◆ **Your assignment**: Using the data that follows, give again word for word the lines between the one holding "25136 Monteith Ter, Chantilly, VA 20152" and the one holding "泰式、韩式、台式、中式特色凉面 还有麻婆豆腐跟日式咖哩饭", inclusive. Omit the pictures.

◆ **Input records**:
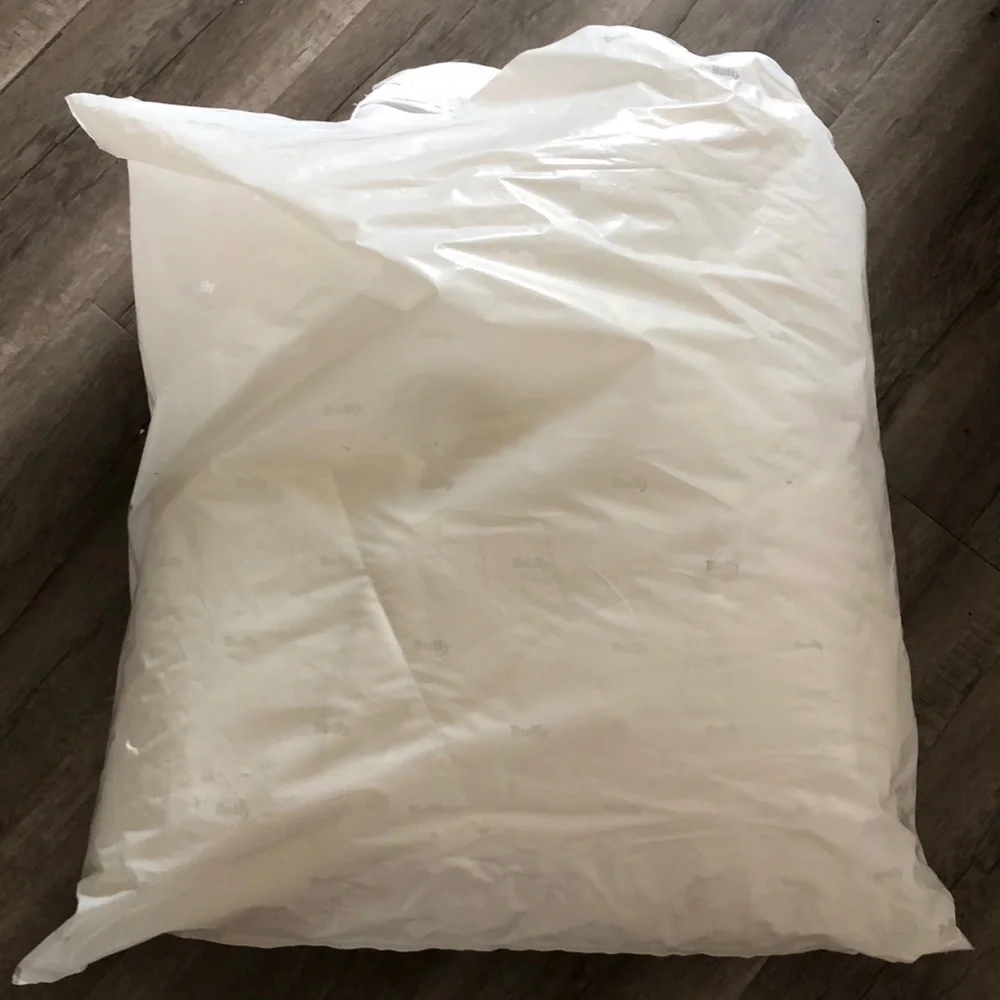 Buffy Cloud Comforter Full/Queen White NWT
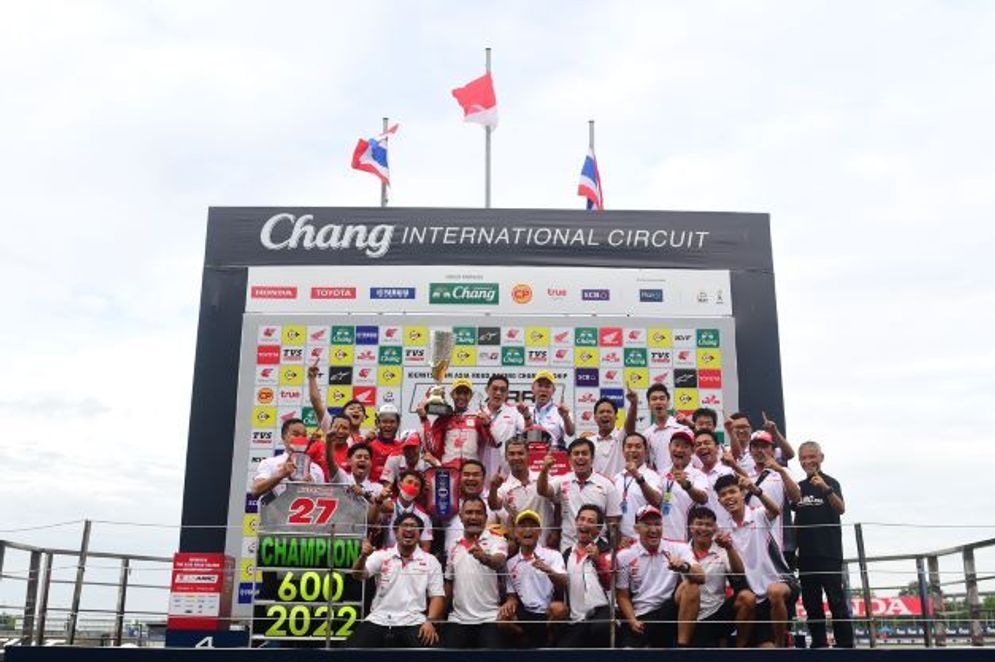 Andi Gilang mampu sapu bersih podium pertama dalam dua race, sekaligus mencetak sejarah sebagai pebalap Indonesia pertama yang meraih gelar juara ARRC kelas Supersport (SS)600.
==
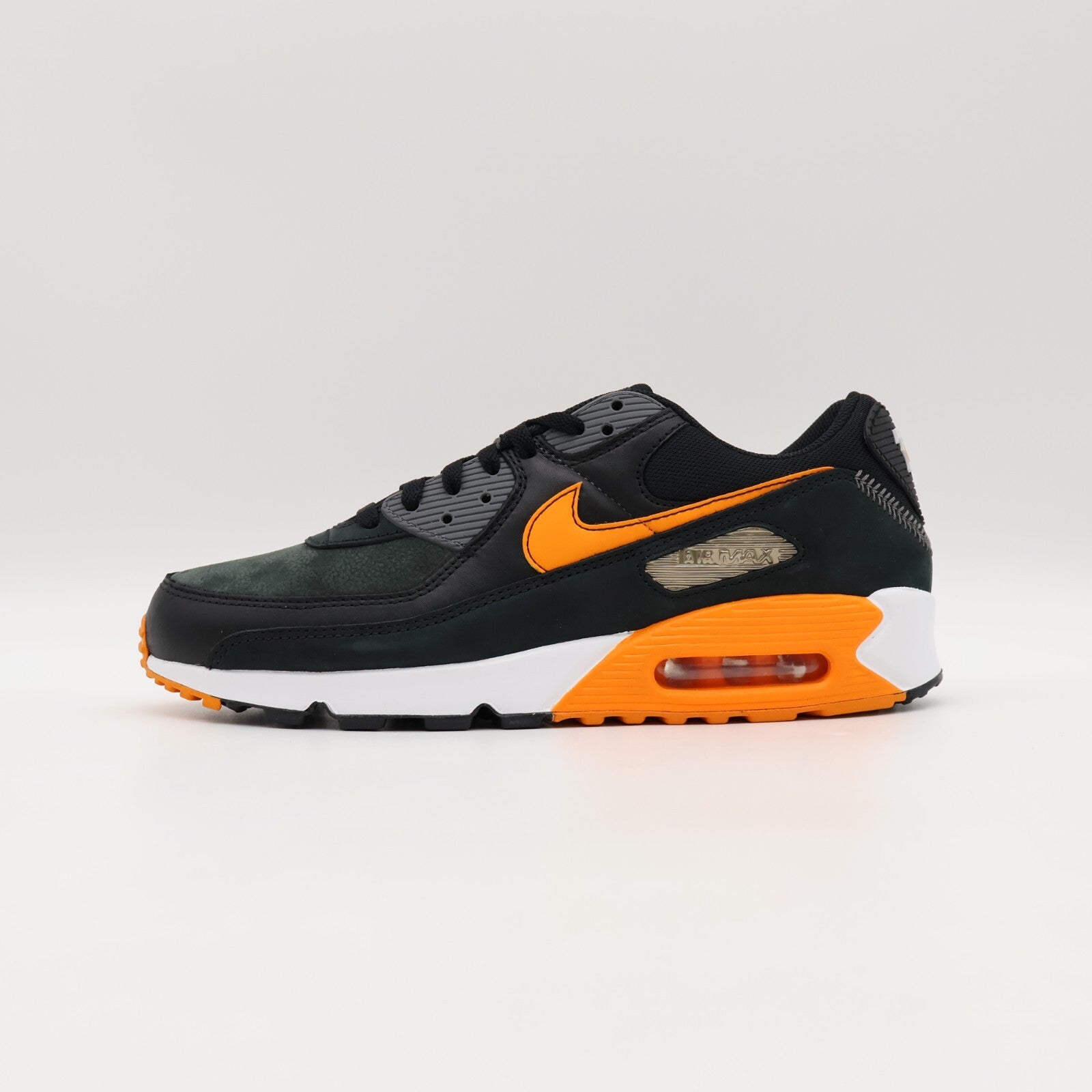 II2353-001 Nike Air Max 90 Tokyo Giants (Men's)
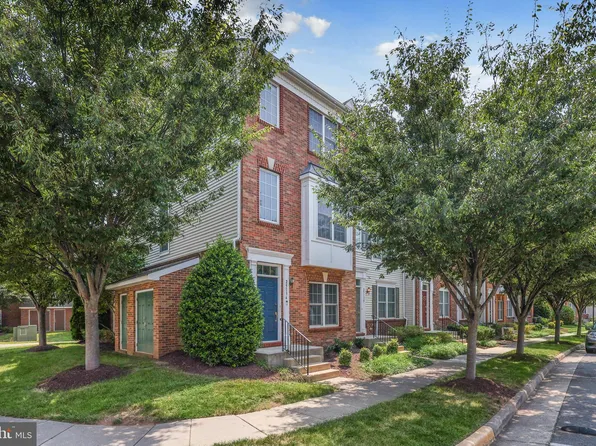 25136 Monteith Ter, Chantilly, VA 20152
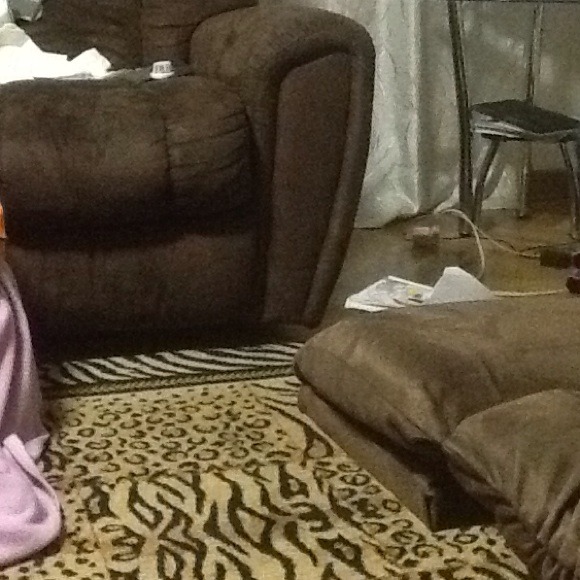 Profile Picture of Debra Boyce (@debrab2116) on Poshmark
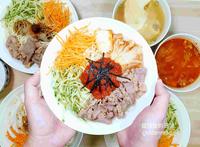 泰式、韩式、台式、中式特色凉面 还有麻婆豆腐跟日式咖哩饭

◆ **Answer area**:
 25136 Monteith Ter, Chantilly, VA 20152
 Profile Picture of Debra Boyce (@debrab2116) on Poshmark
 泰式、韩式、台式、中式特色凉面 还有麻婆豆腐跟日式咖哩饭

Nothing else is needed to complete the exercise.